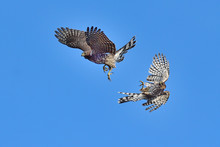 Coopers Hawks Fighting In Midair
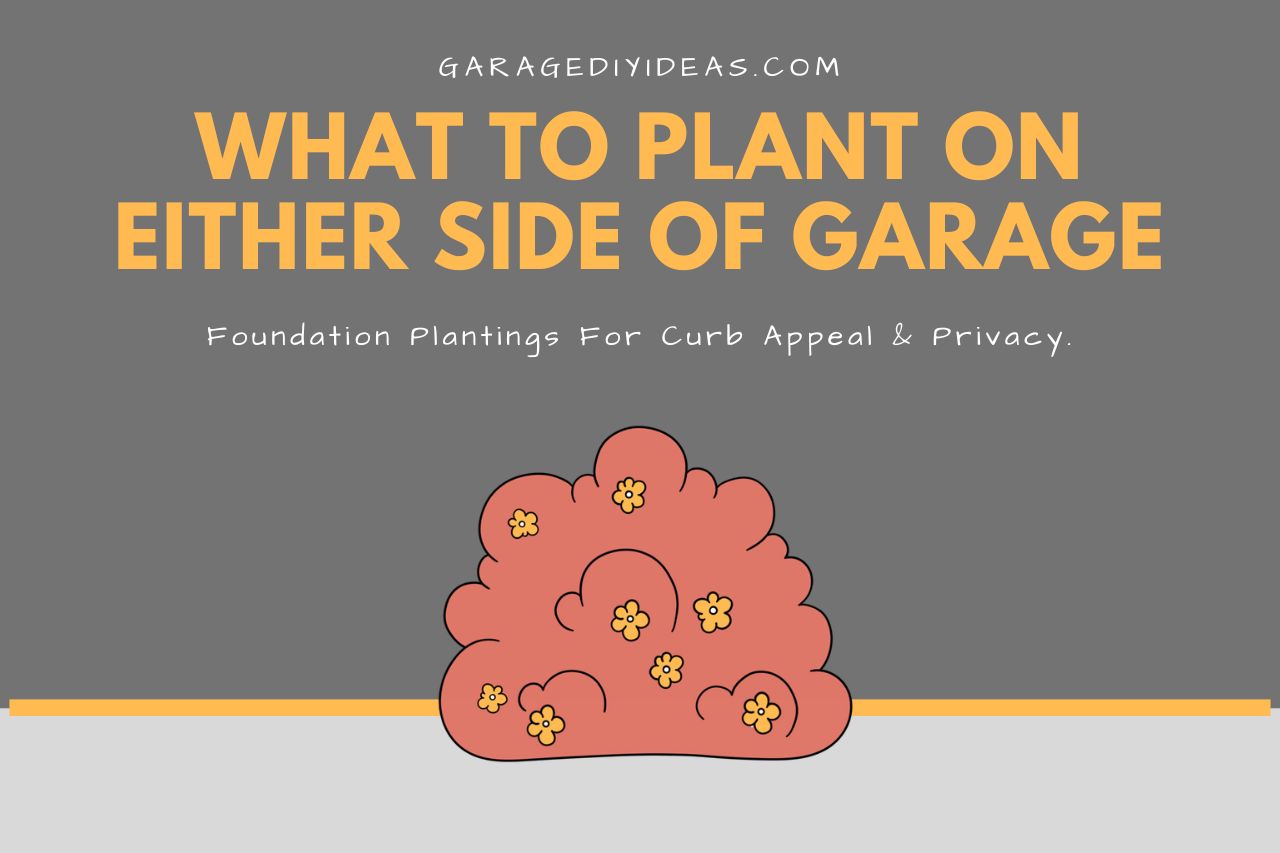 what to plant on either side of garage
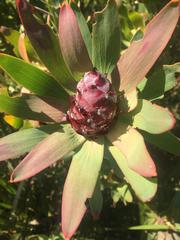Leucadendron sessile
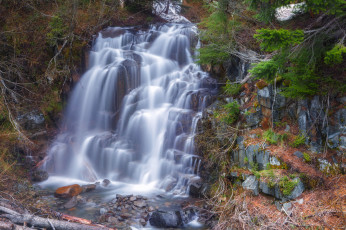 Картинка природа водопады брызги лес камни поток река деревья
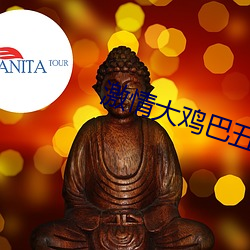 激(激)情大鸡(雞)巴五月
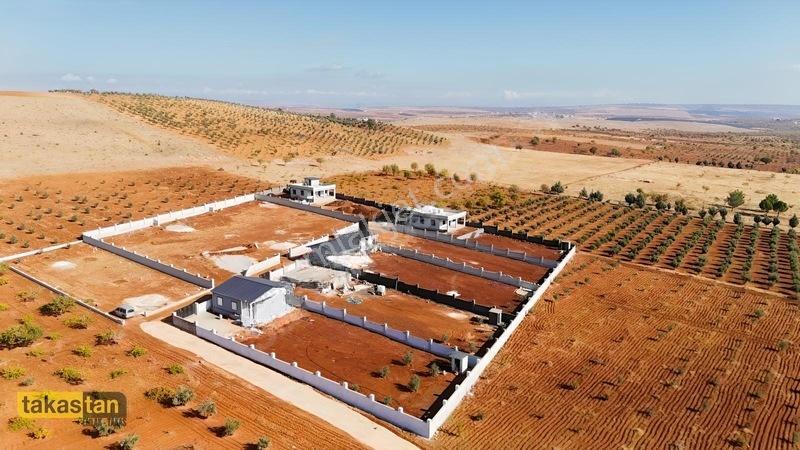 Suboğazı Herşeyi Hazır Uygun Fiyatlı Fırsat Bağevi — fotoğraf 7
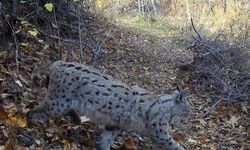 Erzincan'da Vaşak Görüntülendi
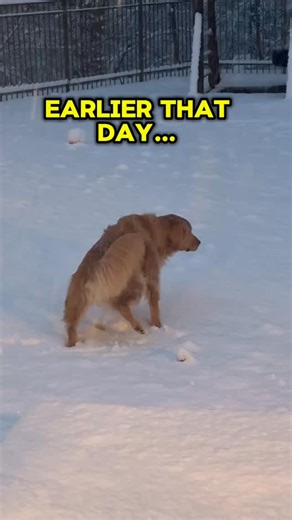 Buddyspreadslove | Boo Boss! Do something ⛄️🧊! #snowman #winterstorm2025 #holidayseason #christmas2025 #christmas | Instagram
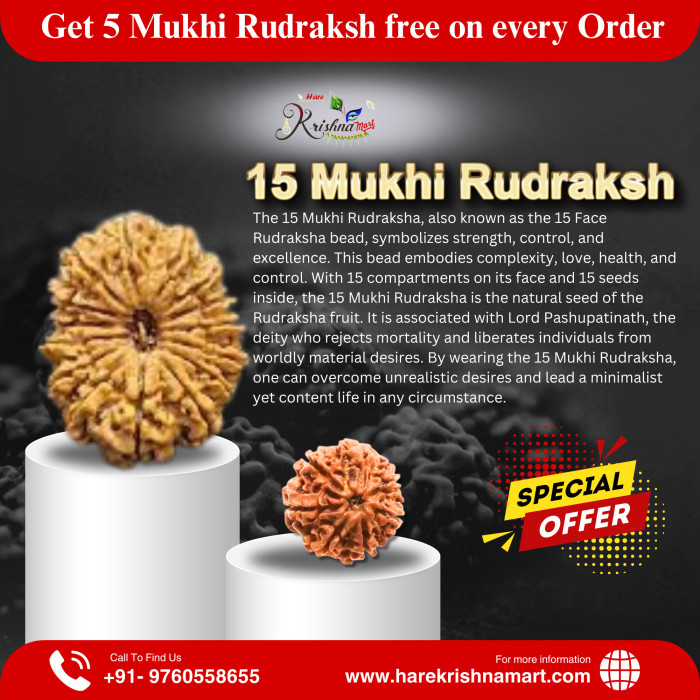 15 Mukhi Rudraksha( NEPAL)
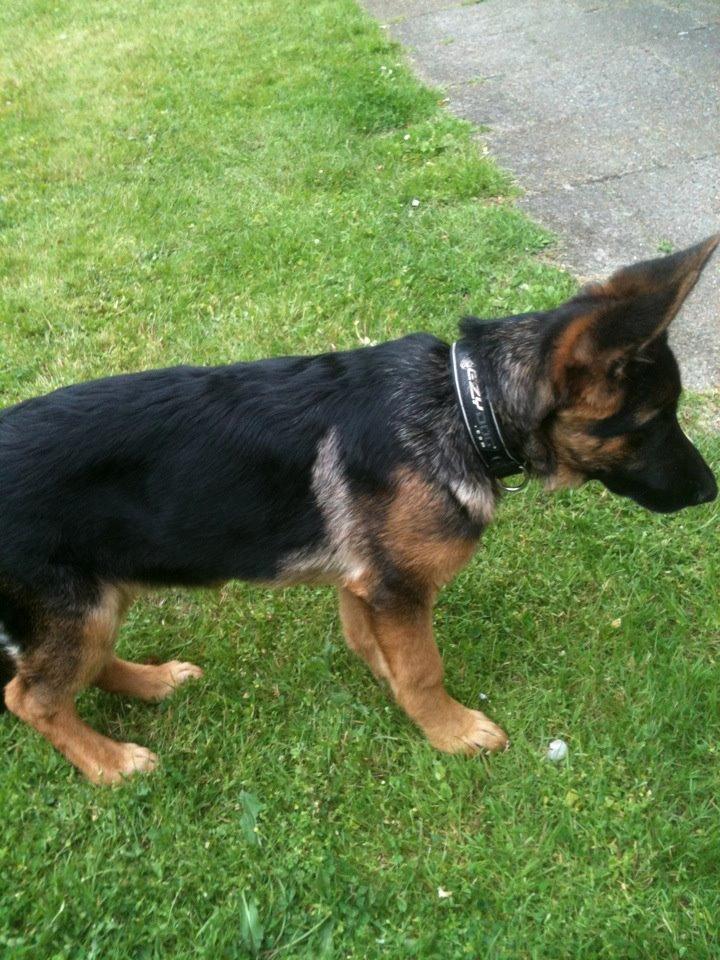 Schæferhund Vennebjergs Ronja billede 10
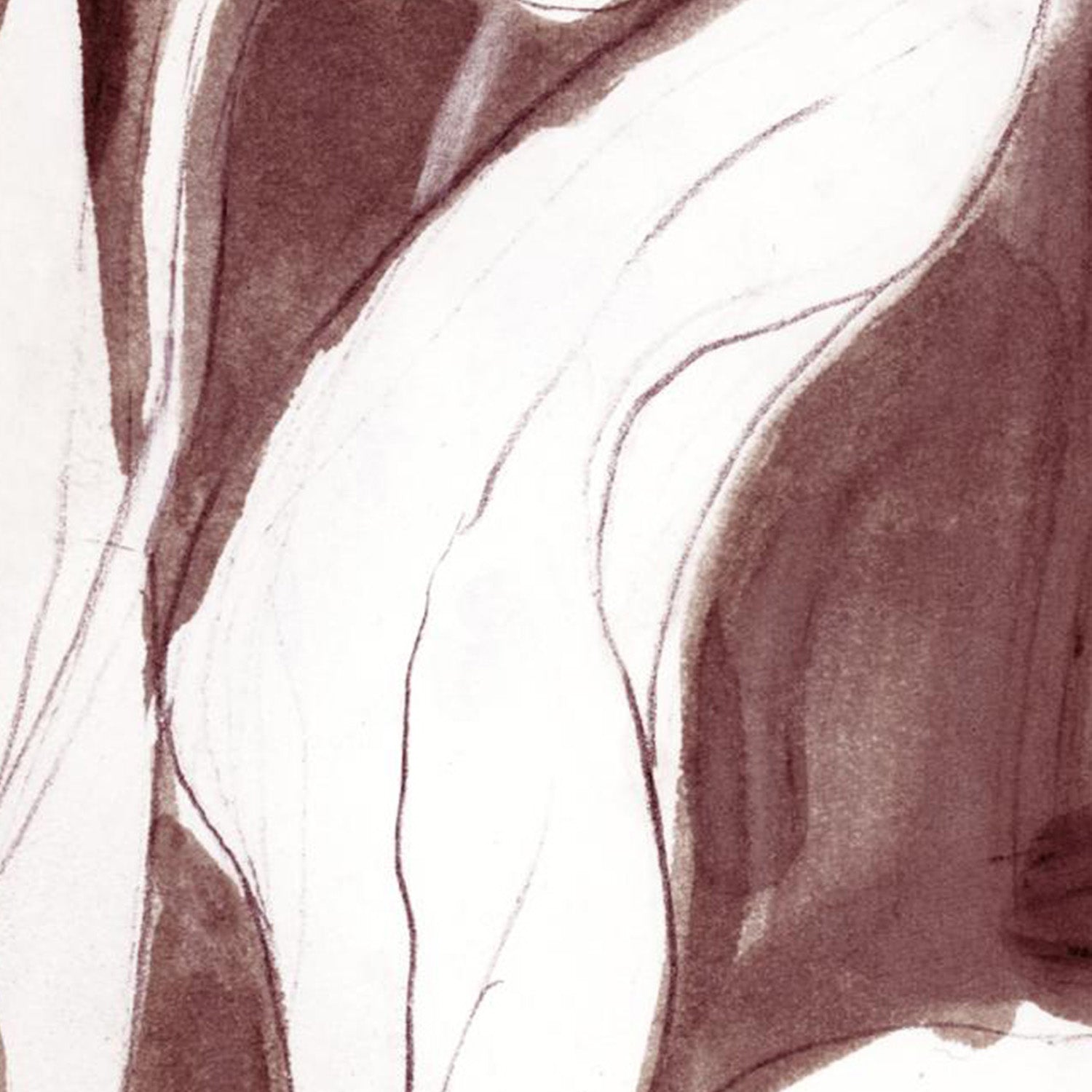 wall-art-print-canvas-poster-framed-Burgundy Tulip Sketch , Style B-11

> **EXERCISE GOAL**
Return all records above verbatim without their pictures.

> **TASK SOLUTION**
 Coopers Hawks Fighting In Midair
 what to plant on either side of garage
Leucadendron sessile
 Картинка природа водопады брызги лес камни поток река деревья
 激(激)情大鸡(雞)巴五月
 Suboğazı Herşeyi Hazır Uygun Fiyatlı Fırsat Bağevi — fotoğraf 7
 Erzincan'da Vaşak Görüntülendi
 Buddyspreadslove | Boo Boss! Do something ⛄️🧊! #snowman #winterstorm2025 #holidayseason #christmas2025 #christmas | Instagram
 15 Mukhi Rudraksha( NEPAL)
 Schæferhund Vennebjergs Ronja billede 10
 wall-art-print-canvas-poster-framed-Burgundy Tulip Sketch , Style B-11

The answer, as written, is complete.